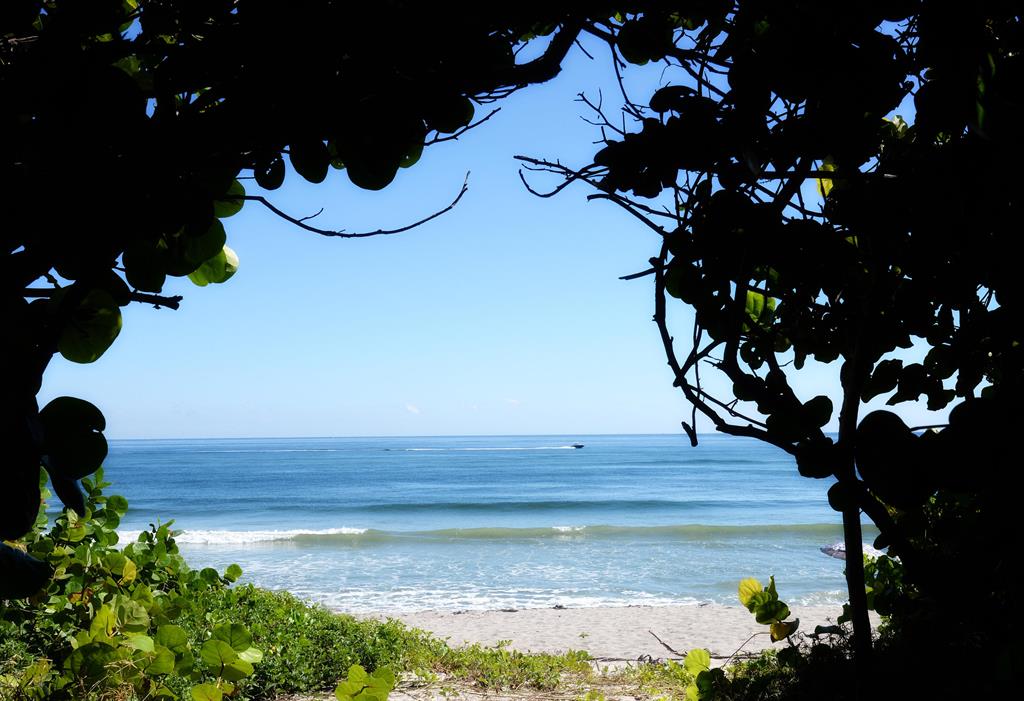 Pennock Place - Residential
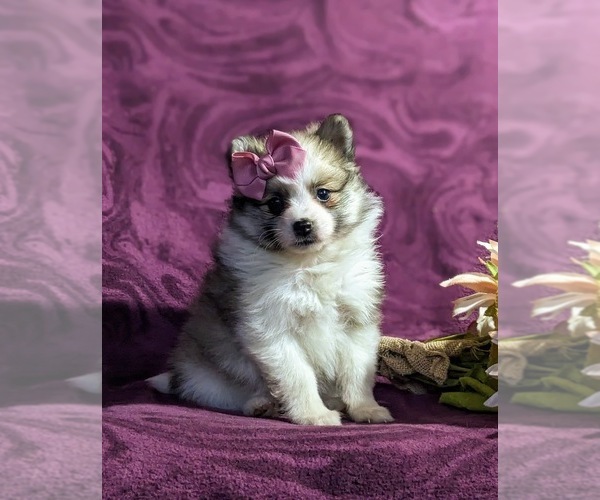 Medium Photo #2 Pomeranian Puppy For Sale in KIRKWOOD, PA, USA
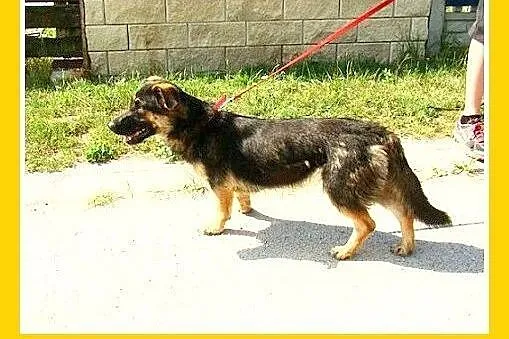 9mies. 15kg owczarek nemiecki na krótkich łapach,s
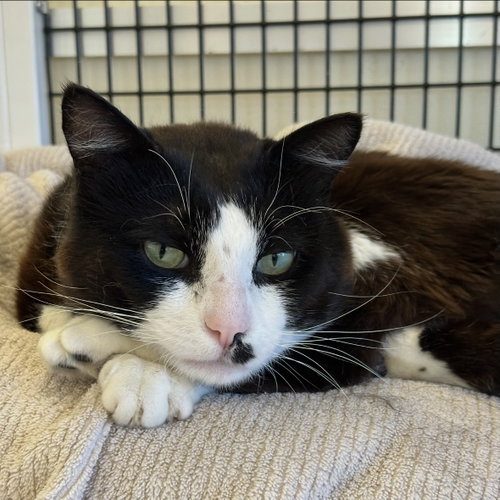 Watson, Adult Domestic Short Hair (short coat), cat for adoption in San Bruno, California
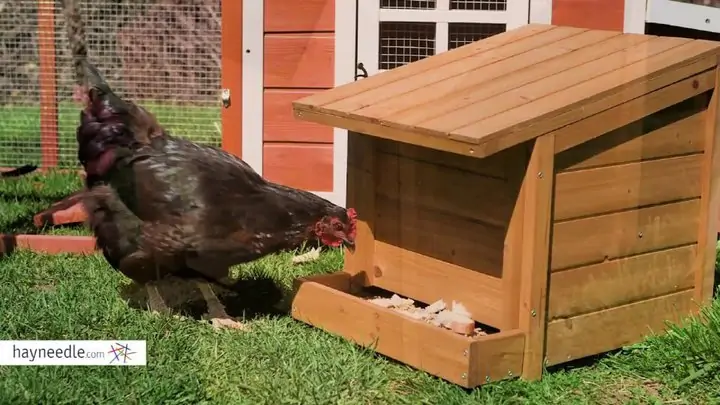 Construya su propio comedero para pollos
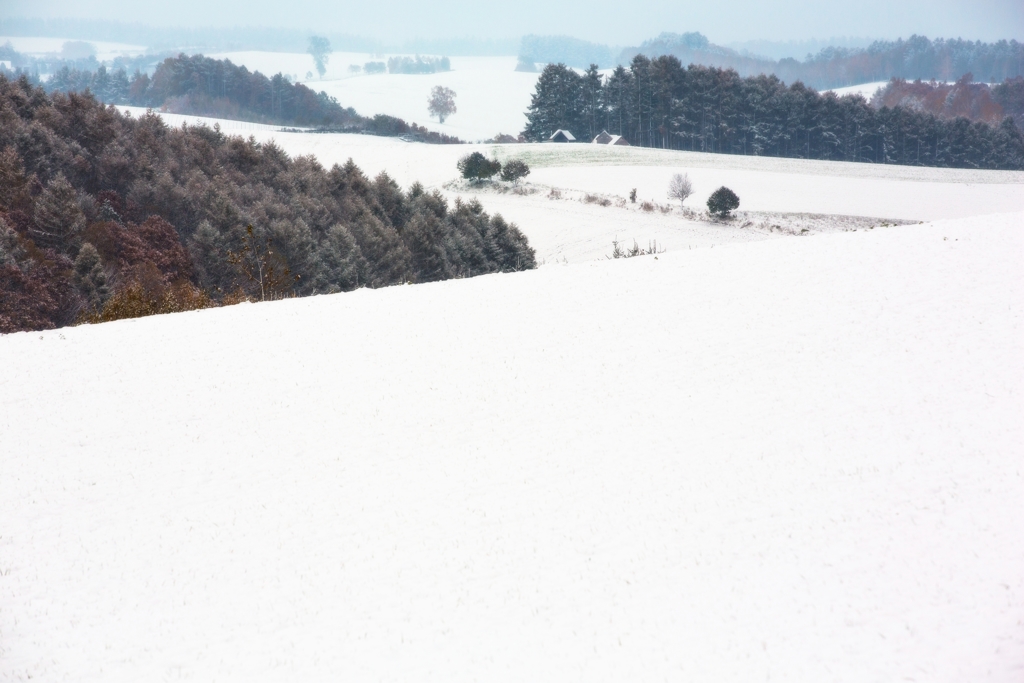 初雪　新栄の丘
|---|
Work request: Before you return the listing, strip out its pictures; all else must match exactly.

Answer to this task:
 Pennock Place - Residential
 Medium Photo #2 Pomeranian Puppy For Sale in KIRKWOOD, PA, USA
 9mies. 15kg owczarek nemiecki na krótkich łapach,s
 Watson, Adult Domestic Short Hair (short coat), cat for adoption in San Bruno, California
 Construya su propio comedero para pollos
 初雪　新栄の丘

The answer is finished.